• [Work order] Return all of the listing word for word; the pictures stay out.

** Information shown follows **

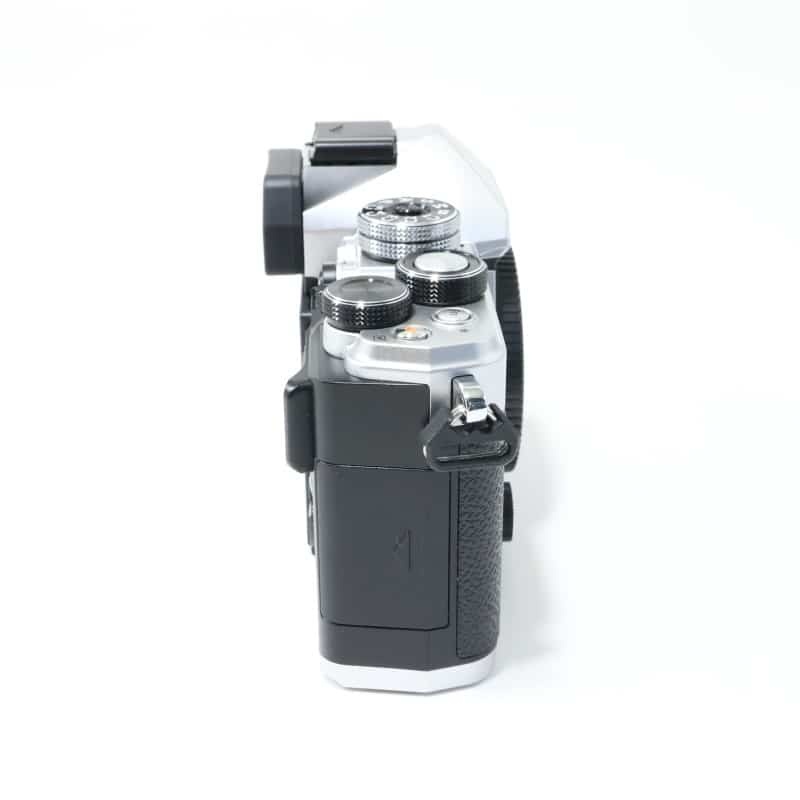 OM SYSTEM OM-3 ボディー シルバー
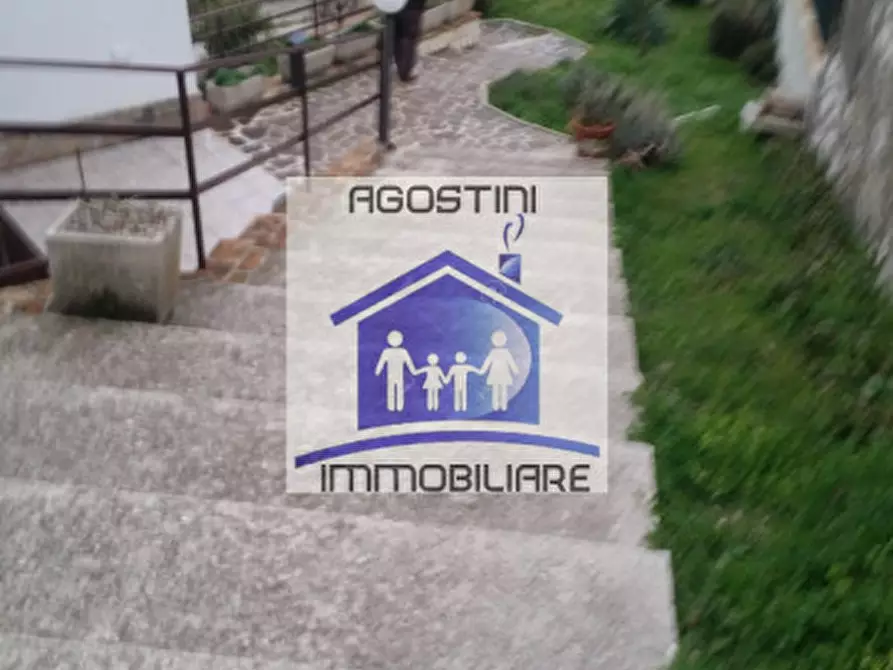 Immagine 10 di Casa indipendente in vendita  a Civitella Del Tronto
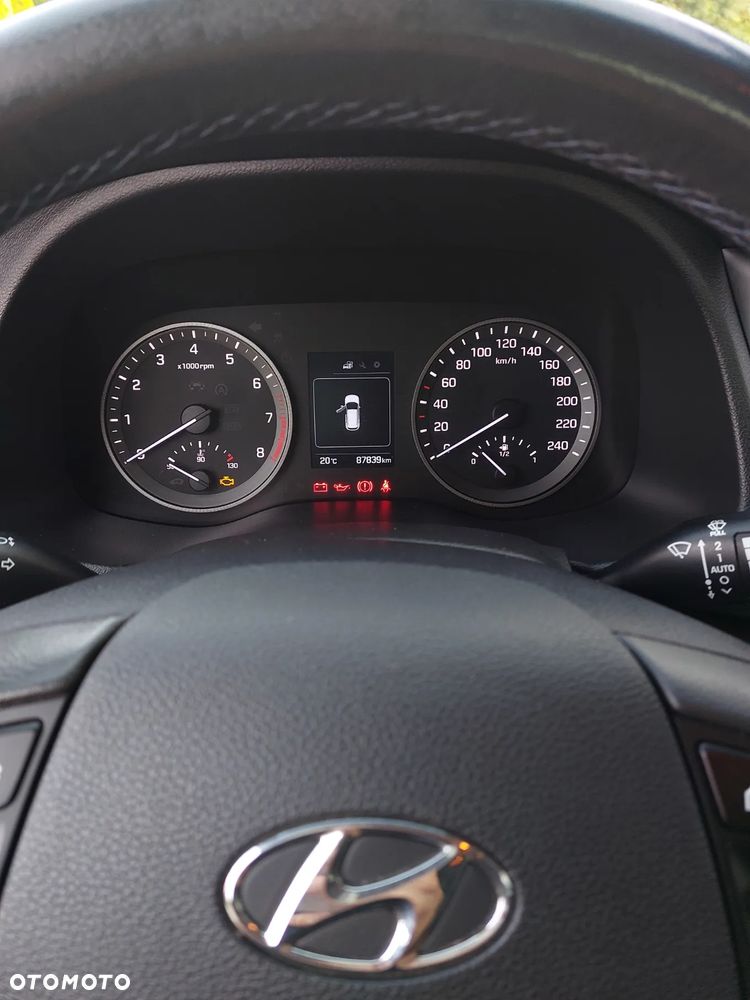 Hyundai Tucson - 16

** End of Information shown **

• [Response for this exercise]
 OM SYSTEM OM-3 ボディー シルバー
 Immagine 10 di Casa indipendente in vendita  a Civitella Del Tronto
 Hyundai Tucson - 16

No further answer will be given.